What if I told you that I don't like "reality shows", and if I were in charge of CBS, there never would have been a "Survivor"? Or that I'm a vegetarian, and if I were in charge of McDonald's, there would be no meat on the menu? Am I then "passing judgment" on those things? Am I taking them away from people who do like them, hypothetically?

The people who actually are in charge of making these decisions have a lot of evidence at their fingertips of varying quality, but it is only a part (often a small part) of their decision-making process. People have opinions. I'm merely opining as to what I think is the best thing to do in this case.


----------



## kitsune9 (Aug 5, 2013)

For the OP, #1, 2 and 3 for the downsides, I've experienced them, but I found them more tolerable and not too often for tournament play. What I hated about organized play was waaaaaay back in the Ye Olde Days of Living City where the most vocal and aggressive player took the certs at the table. I played at one table where one guy who was playing a bard or some such character threw a fit about the certs and he got them all, but at other games, one or two players pretty much dominated in taking the certs for themselves while the rest of us got to pick over the coins.

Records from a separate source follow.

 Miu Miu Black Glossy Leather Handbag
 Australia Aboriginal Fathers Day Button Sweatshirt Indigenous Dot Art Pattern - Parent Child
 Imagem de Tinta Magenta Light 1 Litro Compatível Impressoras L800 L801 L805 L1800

What I truly enjoyed about the living campaigns was that the stakes were real. If your character died, it was up to you to have enough funds to get him raised and if you didn't have the money, oh well, new character. Also, some of the modules were killer modules so you could play an entire con's worth of modules, get close to your next level, play the last module, get killed and now it just erased all the experience you cumulated from your weekend and possibly then some. You also had to effectively manage your time you spent with your character with time units as well. I truly enjoy games where the threat of dying and having it cost you makes for a more emotionally intense game.


----------



## Radiating Gnome (Aug 5, 2013)

kitsune9 said:


> I truly enjoy games where the threat of dying and having it cost you makes for a more emotionally intense game.

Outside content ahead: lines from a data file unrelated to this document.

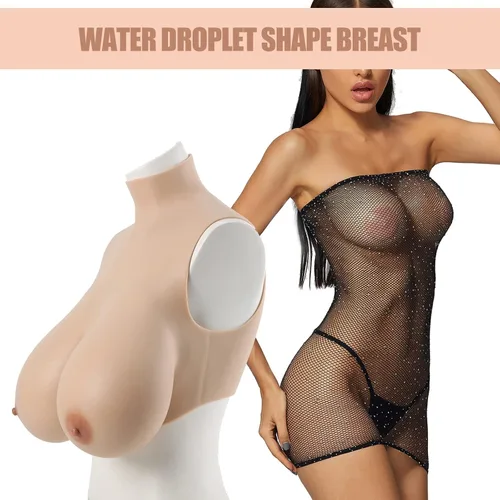 Vista 3 de Noblelady Pechos falsos enormes con forma de pecho de silicona con relleno de silicona realista para crossdresser transgénero cosplay, #1, taza K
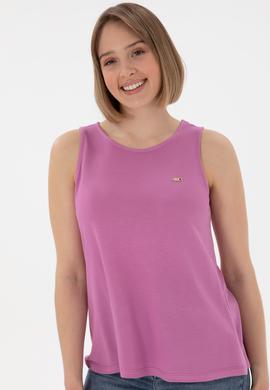 Kadın Pembe Kolsuz Bisiklet Yaka Tişört - 50305819029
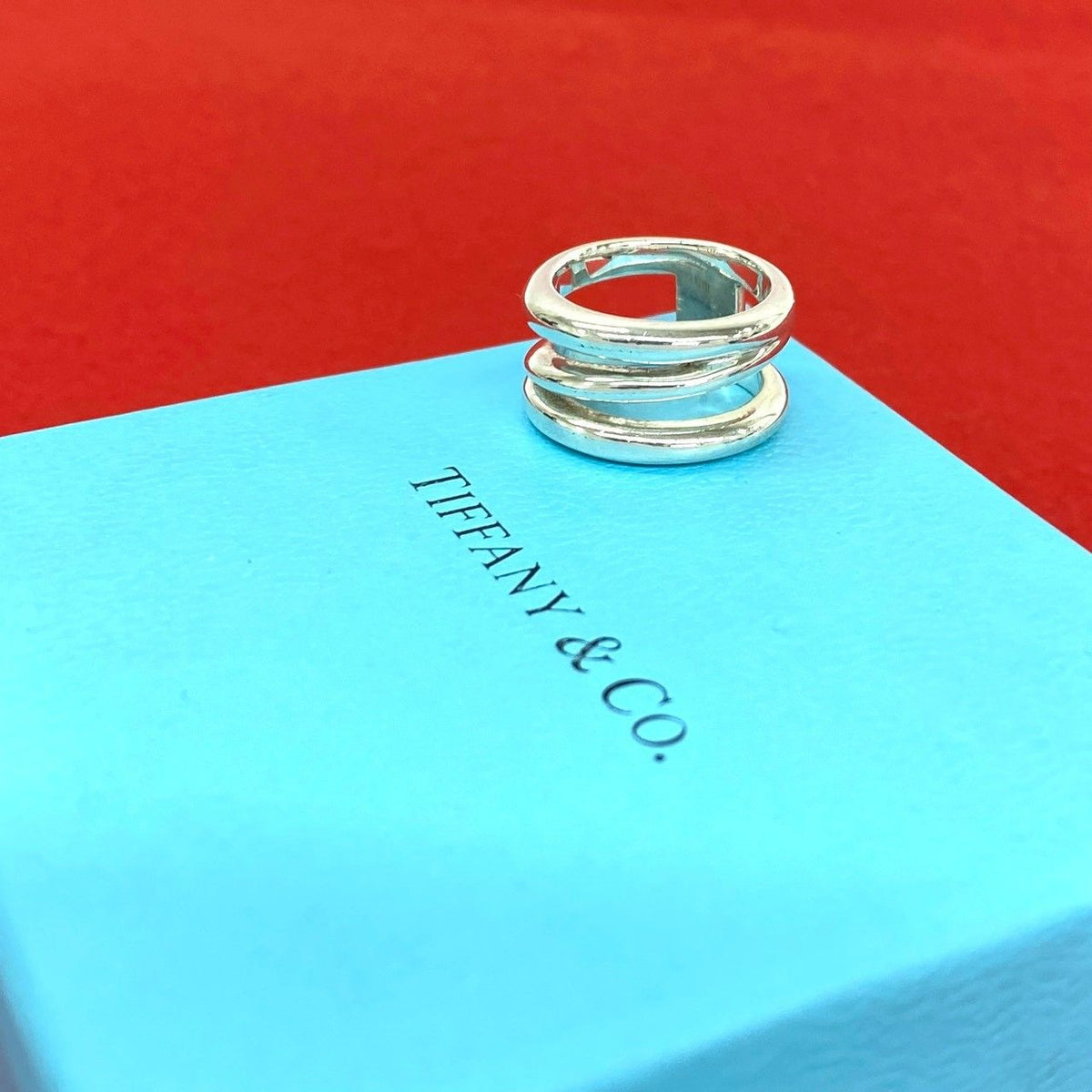 Tiffany & Co Vintage Diagonal Ring 925 Sterling Silver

Actually, while I was often annoyed by the bookkeeping involved, I do miss that element of the LG campaign from time to time.  It was possible to really build a character -- over a period of years playing in local home games and at conventions, picking up weird certs and obscure items here and there.  An 8th level character that developed organically was a much more interesting thing than one that was just whipped up to play at that level.  

I get why that sort of OP -- at least in the case of D&D (I'm not sure about PFS) -- has gone away.  In a lot of ways it's a lot more friendly to casual players than it used to be.  But I do miss it from time to time. 

-rg


----------



## Lord_Blacksteel (Aug 5, 2013)

So, much like the in-game world, one of the downsides of organized play is dividing the loot! That seems appropriate.

I've never spent time at an organized play event and I don't go to a ton of cons but I've been running home games for decades. I was somewhat interested in things like 4E Encounters and LFR but the non-con events were always scheduled (locally at least) on nights where it just was not an option. 

Overall I assume there's some value to it from the company's perspective or they wouldn't do it. Buzz, visibility, recruiting - I'm sure that's a big part of it.


----------



## Umbran (Aug 5, 2013)

Ahnehnois said:


> None whatsoever. This is a "what do you think" thread. Thus, the "if".




Just so we don't start talking past each other - my initial reaction was due to the lack of if in your original statement.  



> Such research is unlikely to exist even for WotC.




Organizations can, and do, get feedback from the people involved.  If people playing organized games were regularly telling them, "Hey, this stank, and the players I was with also literally stank!" I suspect they could draw some conclusions from that.  It will not tell you about people who kept their mouths scrupulously quiet, but if you had a horrible game, and failed to give feedback, well, that's your own fault, now isn't it?



> It's very difficult to determine how many people the hobby might capture if it did things differently, or how many people gave it a shot and left, or what drove such people away.




See above - in an organized situation, it is easy as pie to find out if the people who were involved were generally happy or not.  Details may be fuzzy, but the basic generalities are not hard to come by.



> Again, this is a thread for speculation and opinions, as the OP's question makes clear.




Yeah.  So, my opinion that we should not base business decisions on personal preferences fits right in, now doesn't it?



> What if I told you that I don't like "reality shows", and if I were in charge of CBS, there never would have been a "Survivor"? Or that I'm a vegetarian, and if I were in charge of McDonald's, there would be no meat on the menu? Am I then "passing judgment" on those things? Am I taking them away from people who do like them, hypothetically?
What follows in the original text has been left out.